═════ PROVIDED MATERIAL ═════

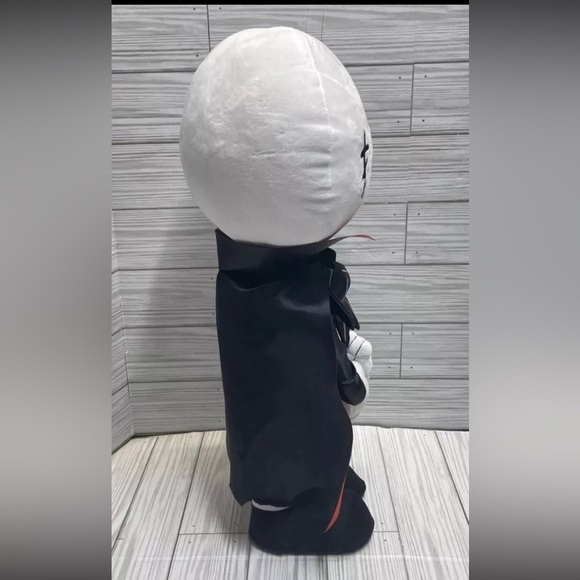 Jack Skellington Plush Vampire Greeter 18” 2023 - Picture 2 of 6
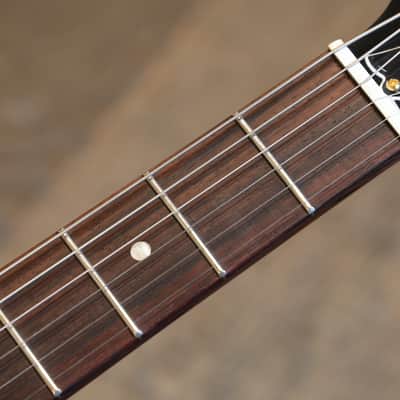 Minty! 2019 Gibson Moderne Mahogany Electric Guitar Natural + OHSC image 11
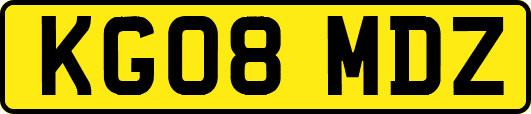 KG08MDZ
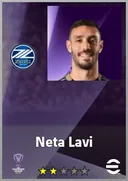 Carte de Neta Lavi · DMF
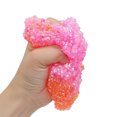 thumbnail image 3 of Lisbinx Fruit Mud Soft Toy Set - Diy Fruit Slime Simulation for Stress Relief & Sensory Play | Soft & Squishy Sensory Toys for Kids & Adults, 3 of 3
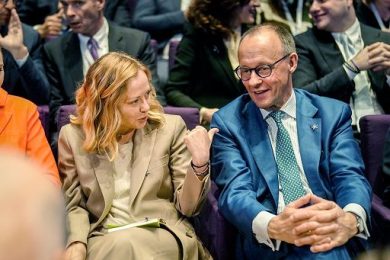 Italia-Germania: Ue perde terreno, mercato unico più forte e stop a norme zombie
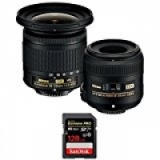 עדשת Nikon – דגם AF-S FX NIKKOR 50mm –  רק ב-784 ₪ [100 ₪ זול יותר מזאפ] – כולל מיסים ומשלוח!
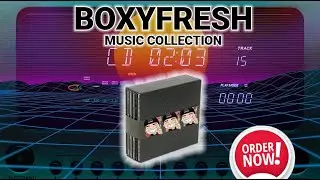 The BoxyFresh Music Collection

═════

EXERCISE OBJECTIVE: If a line falls between the first line of the records above and the line containing "thumbnail image 3", inclusive, retype it exactly; leave pictures out.

TASK ANSWER:
 Jack Skellington Plush Vampire Greeter 18” 2023 - Picture 2 of 6
 Minty! 2019 Gibson Moderne Mahogany Electric Guitar Natural + OHSC image 11
 KG08MDZ
 Carte de Neta Lavi · DMF
 thumbnail image 3 of Lisbinx Fruit Mud Soft Toy Set - Diy Fruit Slime Simulation for Stress Relief & Sensory Play | Soft & Squishy Sensory Toys for Kids & Adults, 3 of 3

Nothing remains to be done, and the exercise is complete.